Aunque no iba armada, tenía un teléfono celular amarrado al corpiño, que usaba para comunicarse con la policía cada vez que veía a alguien en actitud sospechosa, desde un tipo demasiado borracho molestando a los turistas hasta un dealer concretando una entrega. Hace unos años, el Buick Regal empezó a fallar y a Batman no le quedó otra que empezar a hacer las rondas en bicicleta, por la costanera de Venice. Con el tiempo, los oficiales le tomaron cariño por sus informes, siempre precisos y acertados, que la convirtieron en la mejor soplona de Venice Beach. Tanto es así que la policía le organizó una despedida, con torta y todo.

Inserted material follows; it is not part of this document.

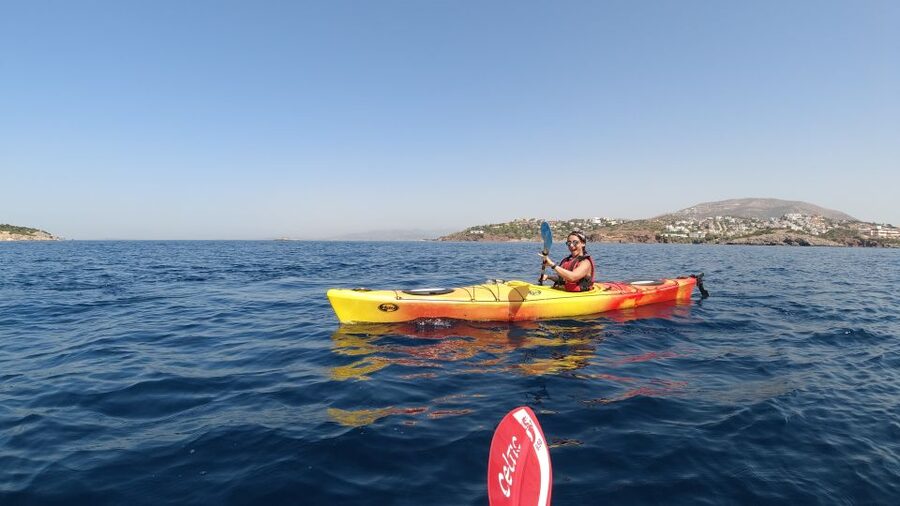 Athens: Sea Kayak Sunset Tour - The Secret Stop for Swimming and Snorkeling Break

El futuro de Dawna es incierto: ni ella sabe qué hará lejos de las calles que la vieron triunfar. Lo que sí es seguro es que dejó herederas, las Dawnettes, un grupo de vecinas que quiere perpetuar la tarea de su mentora. “Me voy a Boston con mi loro Elwood, mi gato y la radio policial que me regalaron los muchachos del destacamento”, explicó la mujer murciélago. Pobre de Venice Beach. Ahora sí que se le viene la noche.